Na passada sexta-feira o primeiro-ministro, de visita a Moçambique, fez um pedido de desculpas pelo Massacre de Wiriyamu. Foi o quebrar da nossa versão do “Pacto del Olvido”, e afronta uma série de gente. Durante décadas o Massacre de Wiriyamu (entre outros) foi olimpicamente ignorado. Mas aconteceu.

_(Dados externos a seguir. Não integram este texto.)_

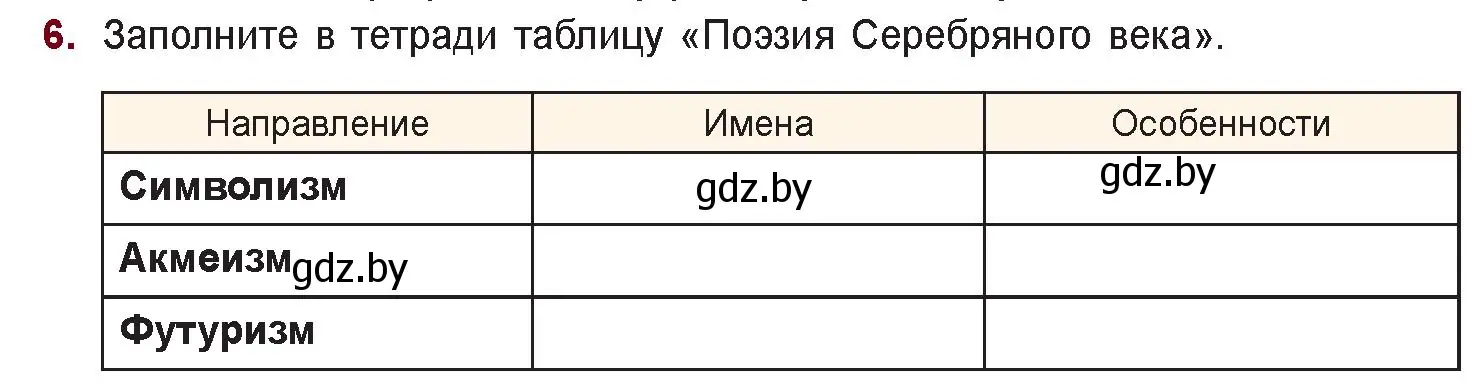 Условие номер 6 (страница 75) гдз по русской литературе 11 класс Сенькевич, Капшай, учебник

O que aconteceu em Wiriyamu, Djemusse, Riachu, Juwau e Chawola, com o nome de código “Operação Marosca”, foi um chacina organizada e concertada, com direito a bombardeamento levado a cabo por quatro caças-bombardeiros e uma incursão terrestre com elementos dos Comandos, Grupos Especiais de Pára-Quedistas, o Batalhão de Caçadores 17 e agentes da PIDE. Centenas de pessoas, muitas delas mulheres e crianças, foram mortas com um requinte de malvadez de dar a volta ao estomâgo. Transcrevo abaixo uma descrição feita pelos padres que acudiram aos sobreviventes, que consta da reportagem “A Guerra”, do jornalista Joaquim Furtado:
“os militares cercaram as povoações de Wiriyamu e Juwau, cujas populações estavam já em pânico, devido aos bombardeamentos. Depois juntaram parte da população no terreiro,obrigando-a sentar-se no chão em dois grupos,um de homens, outro de mulheres. Um dos soldados escolhia então a sua vítima – homem, mulher, ou criança. O designado punha-se de pé, destacava-se, o soldado disparava e a vitima caia fulminada. O relatório identifica 85 mortos, a maioria sacrificados por este processo, enquanto soldados obrigavam pessoas a entrar para as cubatas,que depois incendiavam, morrendo assim várias pessoas. Outras vezes, antes de lançarem fogo às palhotas, atiravam para dentro delas granadas, que explodiam sobre as vítimas. Mortas por este métodos o relatório conta 36 pessoas. Identifica mais 14 vítimas, enumera outras, massacradas de diversas formas, muitas vezes sob o aplauso de outros militares. Havia espancamentos até a morte, soldados que violavam e sacrificavam mulheres e outros que matavam crianças, agarrando-as pelas pernas e arremessando-as contra o solo ou contra as árvores. relatado o caso de uma criança que chorava pela mãe fuzilada que um soldado matou, com um forte pontapé, esfacelando-lhe a cabeça. E situações idênticas com mais crianças. A uma menina que chora, um soldado simulando um biberão mete-lhe o cano da arma pela boca, grita “Chupa!” e dispara. A uma mulher grávida é retirado o feto e a ambos é lançado fogo.”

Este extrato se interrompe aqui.